President of the Joint Consultative Council for the Construction Industry (JCC), Afra Raymond, says he does not believe the Government is giving the public enough time to discuss the proposed public procurement legislation.
He made the comment yesterday, in response to Planning Minister Dr Bhoendradatt Tewarie’s announcement in the Senate last week, that the bill would not be initiated until at least three weeks have elapsed to allow time for public scrutiny in keeping with commitments already made to have the proposed legislation in the public domain.
Speaking on a radio programme yesterday, Raymond, who has been in support of the public procurement law, said, “This is a very important and very complicated matter and I don’t think three weeks is sufficient,” Raymond said. He said the bill contained certain provisions which did not properly protect the public’s interest and these issues had to be be ironed out properly.
“The man in the street is well aware that this is a critical issue in the country. The stealing has a corrosive effect on the moral fibre of the country. It is creating a scenario where the only way we can have a path towards betterment in the country is to resolve this issue properly... it has to be resolved in a civilised fashion and it has to be resolved by discourse,” Raymond said.
He said the Government had the responsibility to ensure the public understands what was contained in the bill and initiate discussion with non-governmental organisations. “The tabling of the bill was done in relative quietude. One would almost say discretely. There needs to be a high impact campaign at the level of the State to engage the citizens,” he said. “If we get this right our country can turn the corner and start moving decisively towards a clear set of behaviour in public and commercial life.”
Raymond said the JCC had five key principles on public procurement which had to be present in any proper procurement law. These include:
1. Transactions of public money
2. Define properly what is a procuring agency whether a government agency, a State enterprise like Nidco or Udecott or a public/private partnership
3. There must be independent regulation.
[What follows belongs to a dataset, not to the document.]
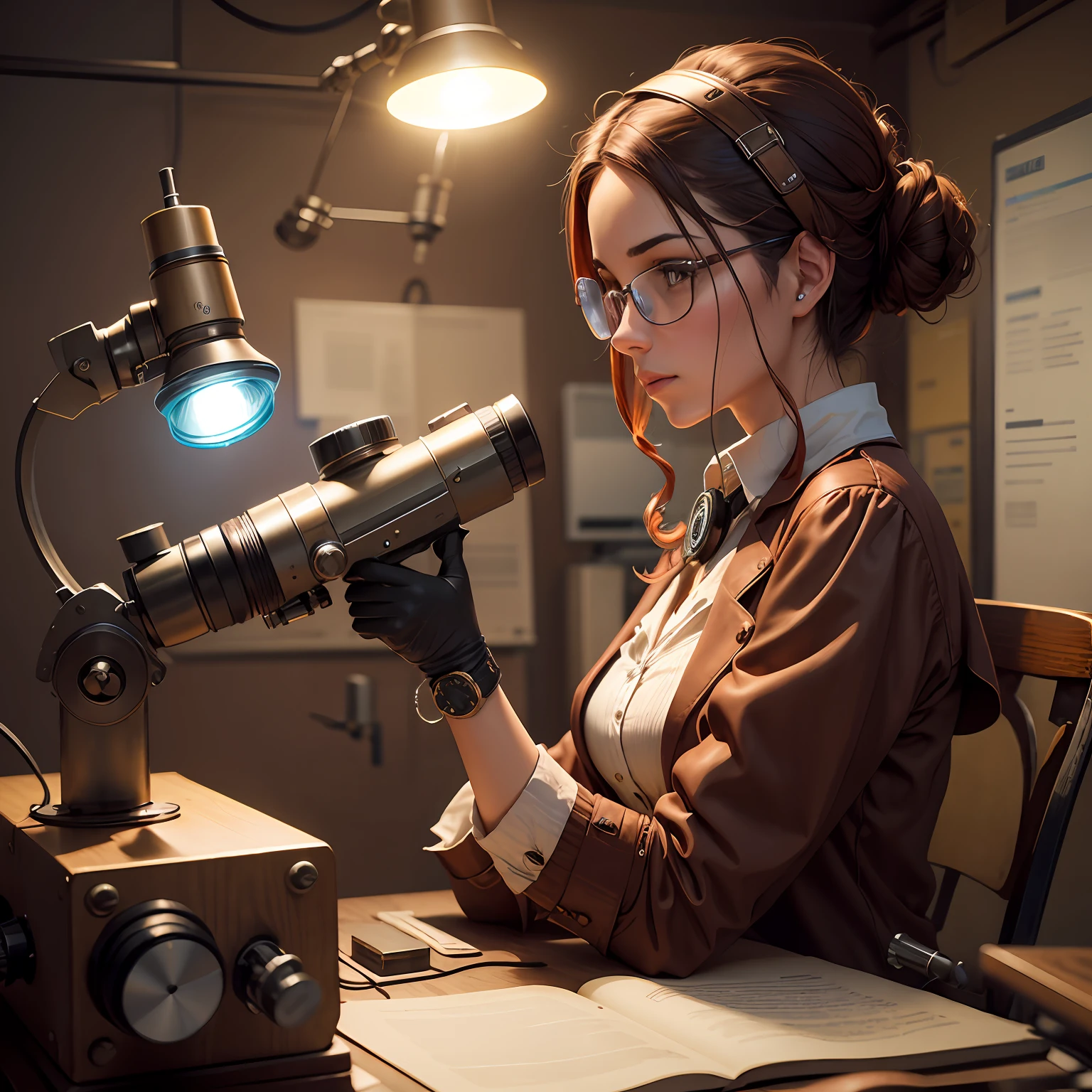 A scientist in front of a microscope, tudo no estilo steampunk, partes em cobre, laboratory --auto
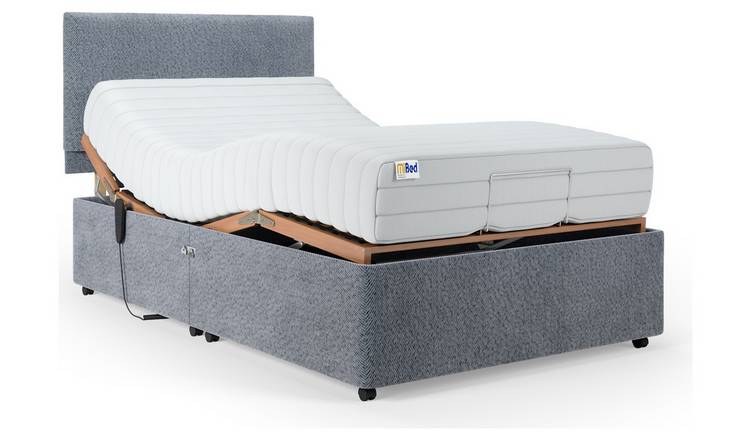 Mibed Memory Adjustable Bed with Mattress Grey SmallDouble, imported from the UK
The regulator must be independently appointed, independently funded and must not be subjected to any instructions from any politician
4. There must be value for money
5. Active participation of civil society
He said in clause seven of the bill there was specific exclusion of any situations where there was a government-to-government arrangement in place, or where there was a project financed by an international financing agency. “The way things are running in this country now... we look at the Couva Children’s Hospital for instance. Most of the largest projects in the country are taking place within these two mechanisms,” Raymond said.
“So if you’re creating a law to bring about proper oversight, transparency and accountability for public money, but you are excluding most of the transactions, then we are not going very far. It’s not acceptable in the present form.”